Tuberculosis (TB) is an infectious disease and is among the top 10 causes of death in the world, and Brazil is part of the top 30 high TB burden countries. Data collection is an essential practice in health studies, and the adoption of electronic data capture (EDC) systems can positively increase the experience of data acquisition and analysis. Also, data-sharing capabilities are crucial to the construction of efficient and effective evidence-based decision-making tools for managerial and operational actions in TB services. Data must be held secure and traceable, as well as available and understandable, for authorized parties.In this sense, this work aims to propose a blockchain-based approach to build a reusable, decentralized, and de-identified dataset of TB research data, while increasing transparency, accountability, availability, and integrity of raw data collected in EDC systems.After identifying challenges and gaps, a solution was proposed to tackle them, considering its relevance for TB studies. Data security issues are being addressed by a blockchain network and a lightweight and practical governance model. Research Electronic Data Capture (REDCap) and KoBoToolbox are used as EDC systems in TB research. Mechanisms to de-identify data and aggregate semantics to data are also available.A permissioned blockchain network was built using Kaleido platform.
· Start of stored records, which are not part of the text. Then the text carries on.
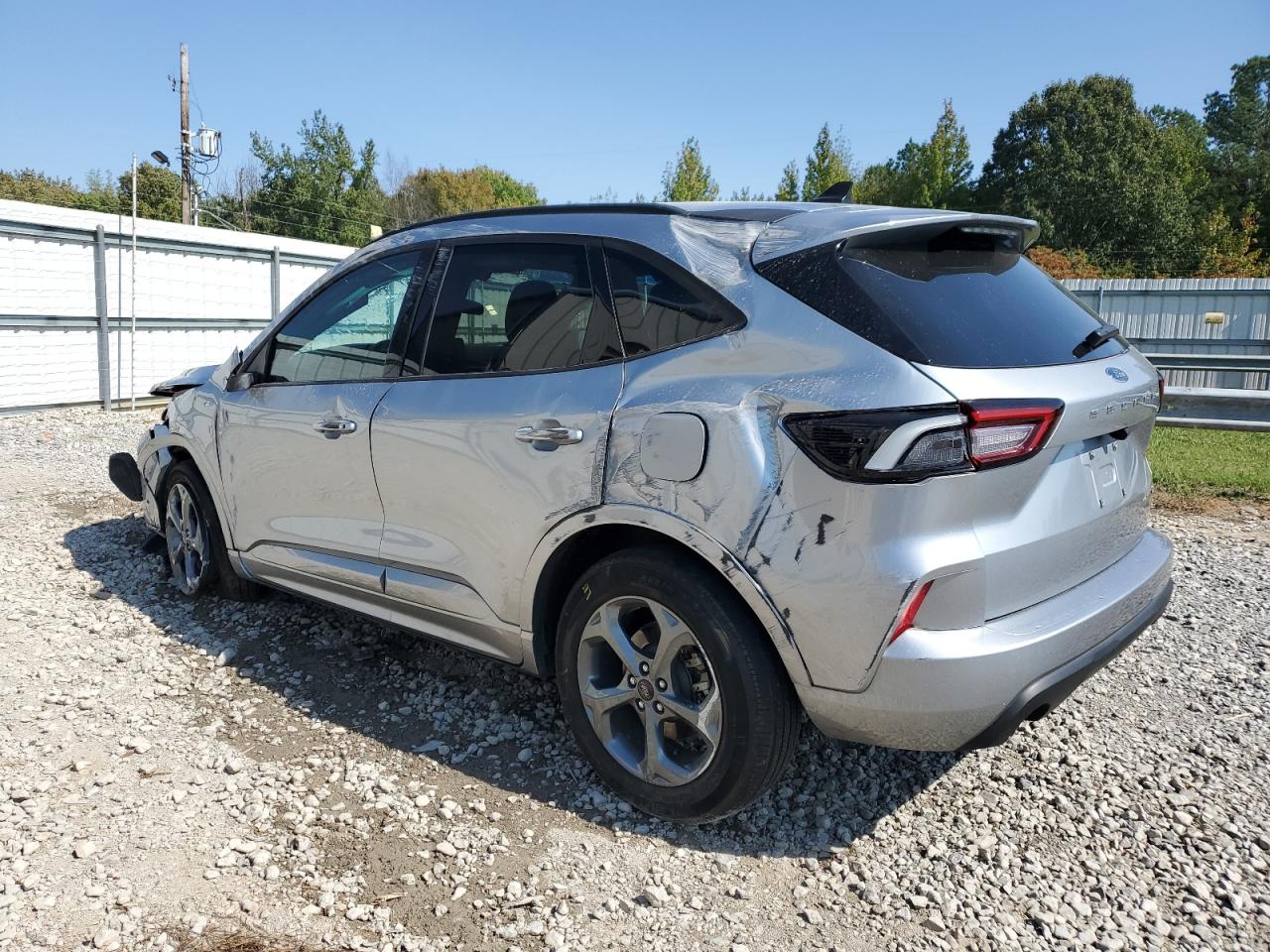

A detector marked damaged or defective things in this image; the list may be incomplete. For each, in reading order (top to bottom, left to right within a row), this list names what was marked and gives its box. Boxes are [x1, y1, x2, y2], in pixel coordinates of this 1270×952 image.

damaged silver suv [109, 198, 1168, 822] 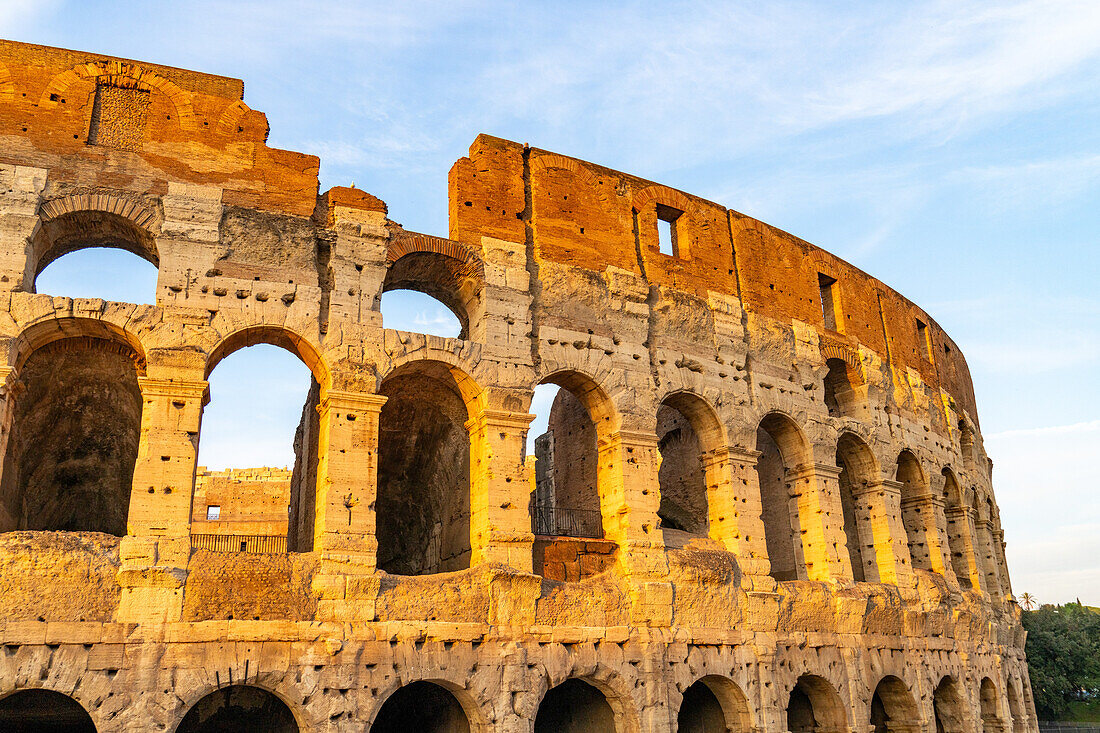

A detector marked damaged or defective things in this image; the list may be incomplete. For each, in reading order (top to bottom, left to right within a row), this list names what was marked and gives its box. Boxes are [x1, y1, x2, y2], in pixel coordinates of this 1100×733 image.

vertical crack in wall [521, 145, 543, 367] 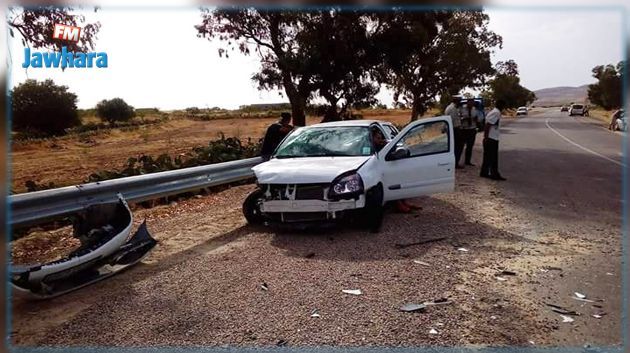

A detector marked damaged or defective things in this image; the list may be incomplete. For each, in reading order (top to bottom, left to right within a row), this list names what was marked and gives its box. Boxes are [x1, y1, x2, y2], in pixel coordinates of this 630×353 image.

bent guardrail [10, 155, 262, 227]
damaged white car [244, 117, 456, 230] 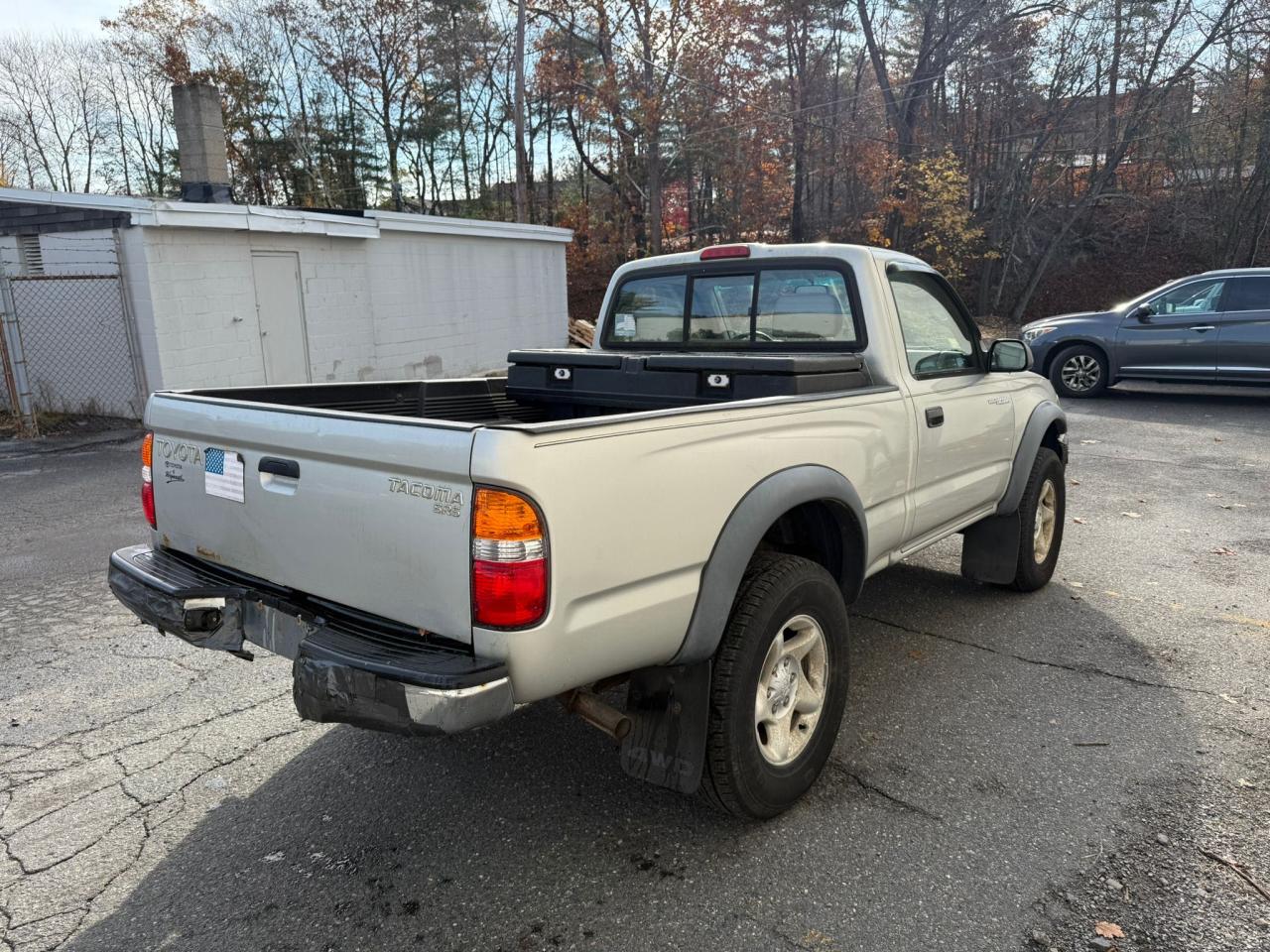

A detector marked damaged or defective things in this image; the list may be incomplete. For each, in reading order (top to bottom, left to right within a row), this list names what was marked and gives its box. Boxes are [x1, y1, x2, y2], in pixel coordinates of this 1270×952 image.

dented bumper [105, 542, 510, 736]
cracked pavement [2, 383, 1270, 952] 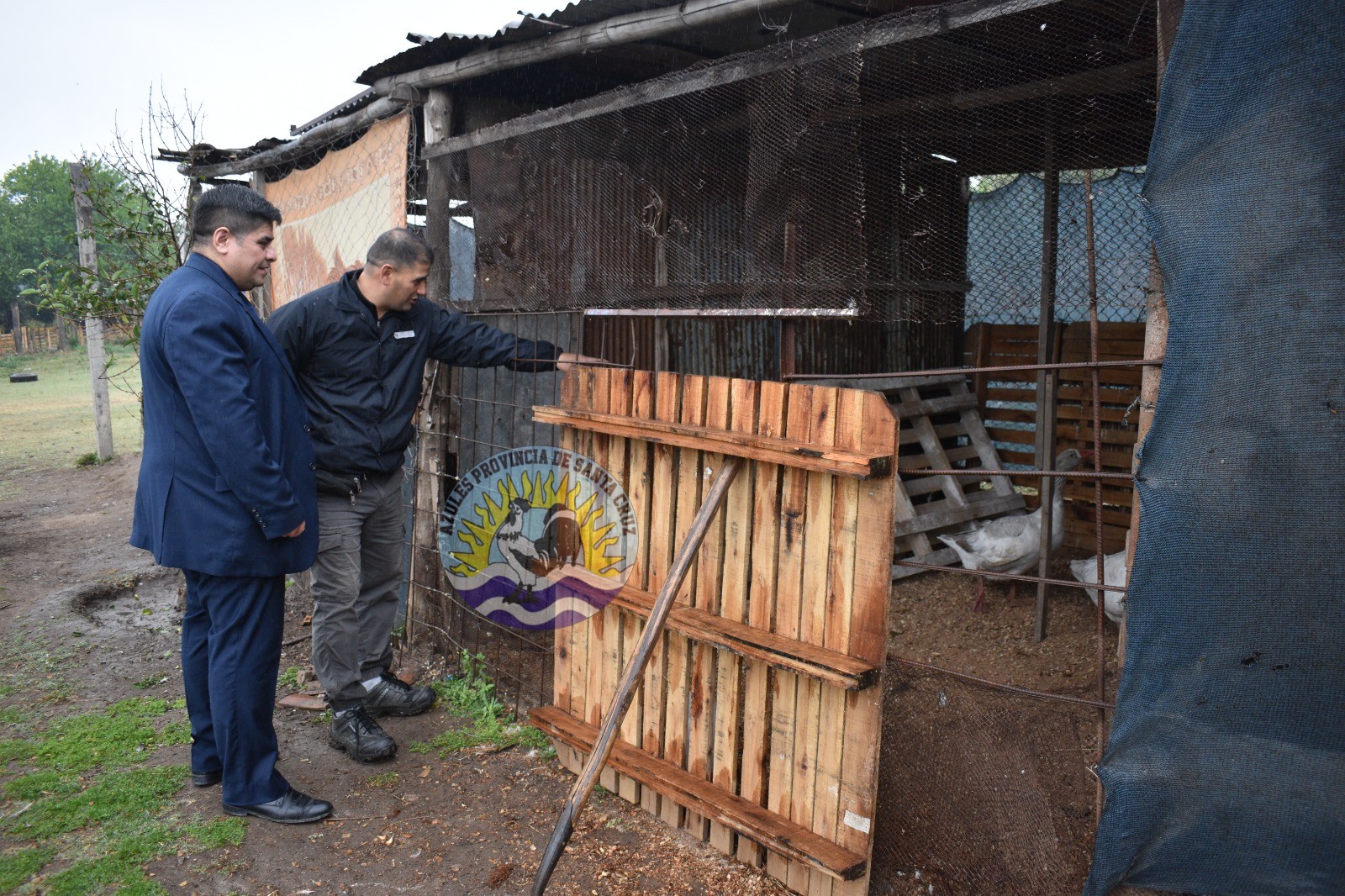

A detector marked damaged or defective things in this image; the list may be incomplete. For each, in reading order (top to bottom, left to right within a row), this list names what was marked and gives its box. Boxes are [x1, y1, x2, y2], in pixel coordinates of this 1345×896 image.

rusty metal rod [785, 355, 1162, 379]
rusty metal rod [898, 462, 1130, 478]
rusty metal rod [898, 562, 1130, 589]
rusty metal rod [532, 457, 747, 888]
rusty metal rod [893, 653, 1113, 710] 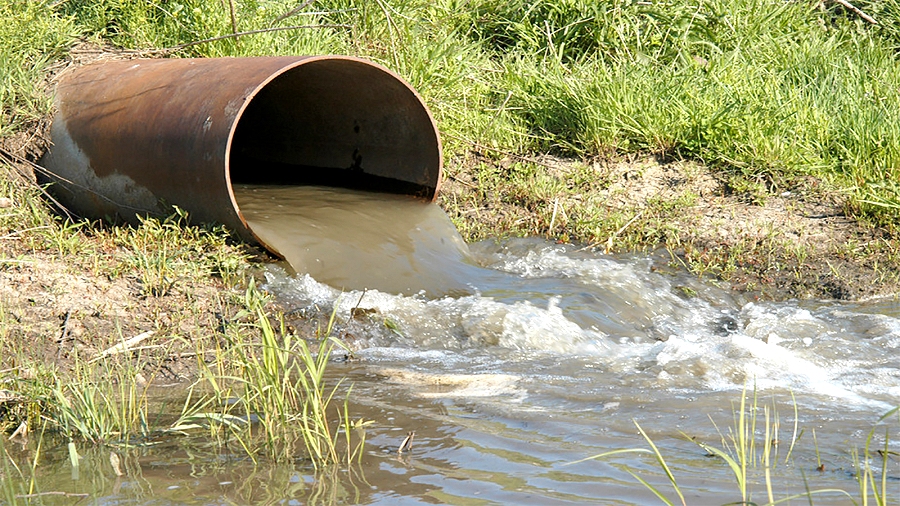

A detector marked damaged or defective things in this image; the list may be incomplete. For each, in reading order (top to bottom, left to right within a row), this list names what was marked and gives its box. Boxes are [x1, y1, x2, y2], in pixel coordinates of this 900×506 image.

rusty metal pipe [40, 55, 442, 251]
rust stain on pipe [42, 55, 442, 251]
corroded pipe surface [42, 55, 442, 251] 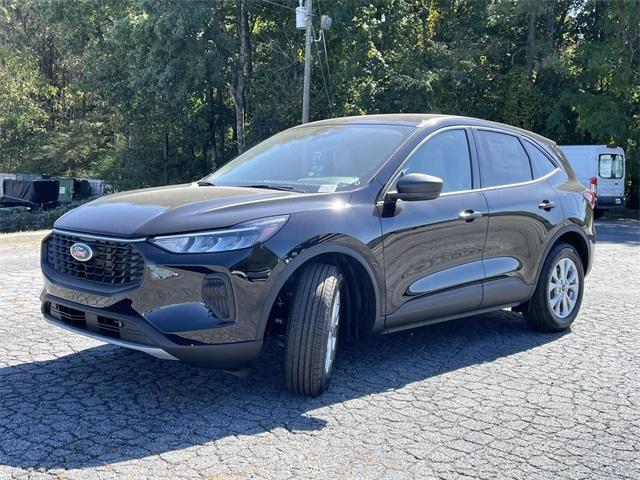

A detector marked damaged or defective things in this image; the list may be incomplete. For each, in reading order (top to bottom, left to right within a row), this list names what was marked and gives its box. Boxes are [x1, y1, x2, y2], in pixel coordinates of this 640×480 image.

An integration engine integrates the EDC systems with the blockchain network, performing de-identification and aggregating meaning to data. A governance model addresses operational and legal issues for the proper use of data. Finally, a management system facilitates the handling of necessary metadata, and additional applications are available to explore the blockchain and export data.Research data are an important asset not only for the research where it was generated, but also to underpin studies replication and support further investigations. The proposed solution allows the delivery of de-identified databases built in real time by storing data in transactions of a permissioned network, including semantic annotations, as data are being collected in TB research. The governance model promotes the correct use of the solution.